What should I tell my doctor before taking DYSPORT?

Tell your doctor about all your medical conditions, including if you:

•  have a disease that affects your muscles and nerves (such as amyotrophic lateral sclerosis [ALS or Lou Gehrig's disease], myasthenia gravis or Lambert-Eaton syndrome).  See "What is the most important information I should know about DYSPORT?"
• have allergies to any botulinum toxin product
• had any side effect from botulinum toxin product in the past
• have or have had a breathing problem, such as asthma or emphysema
• have or have had swallowing problems
• have or have had bleeding problems
• have diabetes
• have or have had a slow heart beat or other problem with your heart rate or rhythm
• have plans to have surgery
• had surgery on your face
• have weakness in or near your muscles being treated
• have drooping eyelids
• experienced dry eye with previous use of botulinum toxin products
• have any other change in the way your face normally looks
• are pregnant or plan to become pregnant. It is not known if DYSPORT can harm your unborn baby
• are breast-feeding or planning to breast-feed. It is not known if DYSPORT passes into breast milk
  
  

Tell your doctor about all the medicines you take, including prescription and over-the-counter medicines, vitamins and herbal products. Using DYSPORT with certain other medicines may cause serious side effects.

Do not start any new medicines until you have told your doctor that you have received DYSPORT in the past.

Especially tell your doctor if you:

• have received any other botulinum toxin product in the last four months
• have received injections of botulinum toxin, such as Myobloc® (rimabotulinumtoxinB), Botox® (onabotulinumtoxinA) or Xeomin® (incobotulinumtoxinA) in the past; be sure your doctor knows exactly which product you received
• have recently received an antibiotic by injection
• take muscle relaxants
• take an allergy or cold medicine
• take a sleep medicine

Ask your doctor if you are not sure if your medicine is one that is listed above.

Know the medicines you take. Keep a list of your medicines with you to show your doctor and pharmacist each time you get a new medicine.

How will I receive DYSPORT?          

• DYSPORT is an injection that your doctor will give you
• DYSPORT is injected into the affected muscles
• If you are and adult, your doctor may give you another dose of DYSPORT after 12 weeks or longer, if it is needed
• If you are an adult being treated for CD or spasticity or you are a child (2 to 17 years of age) being treated for spasticity, your doctor may change your dose of DYSPORT, until you and your doctor find the best dose for you.  Children should not be retreated sooner than every 12 - 16 weeks.
• The dose of DYSPORT is not the same as the dose of any other botulinum toxin product

What should I avoid while receiving DYSPORT?

DYSPORT may cause loss of strength or general muscle weakness, blurred vision, or drooping eyelids within hours to weeks of taking DYSPORT. If this happens, do not drive a car, operate machinery, or do other dangerous activities.
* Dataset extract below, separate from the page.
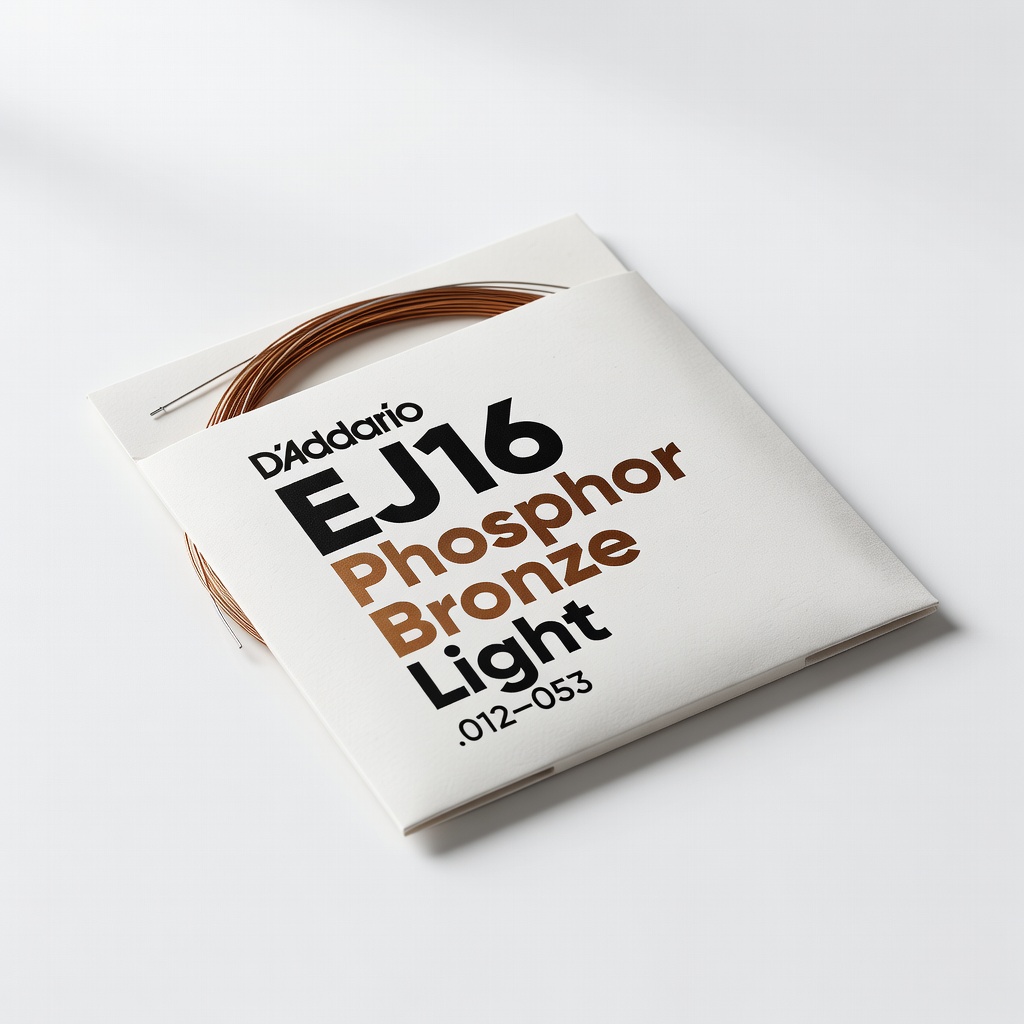 D'Addario EJ16 Phosphor Bronze Light .012-.053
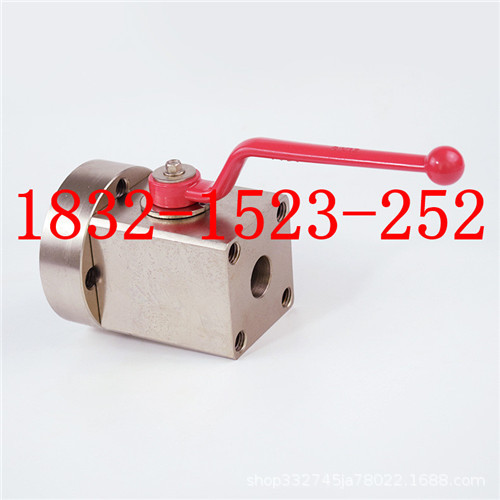 球型/球形截止阀CJZQ-F32H DN32 PN31.5MPa手动高压液压法兰球阀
See "What is the most important information I should know about DYSPORT?"

What are the possible side effects of DYSPORT?

DYSPORT can cause serious side effects. See  "What is the most important information I should know about DYSPORT?" 

The most common side effects of DYSPORT in people with cervical dystonia include:

• muscle weakness
• dry mouth
• feeling of tiredness
• muscle pain
• problems speaking
• eye problems
• difficulty swallowing
• injection site pain or discomfort
• headache

The most common side effects of DYSPORT in people with glabellar lines include:

• stuffy or runny nose and sore throat
• injection site pain
• upper respiratory infection
• blood in urine
• headache
• injection site reaction
• swelling of eyelids
• drooping eyelids
• sinus infection
• nausea

The most common side effects of DYSPORT in  adults with upper limb spasticity include:

• muscle weakness

The most common side effects of DYSPORT in adults with lower limb spasticity include: 

• muscle weakness
• pain in your arms or legs
• fall

The most common side effects of DYSPORT in children (2 to 17 years of age) with upper limb spasticity include:

• upper respiratory tract infection
• sore throat

The most common side effects of DYSPORT in children (2 to 17 years of age) with lower limb spasticity include: 

• stuffy or runny nose and sore throat
• cough
• fever

Tell your doctor if you have any side effect that bothers you or that does not go away. These are not all the possible side effects DYSPORT .  For more information, ask your doctor or pharmacist.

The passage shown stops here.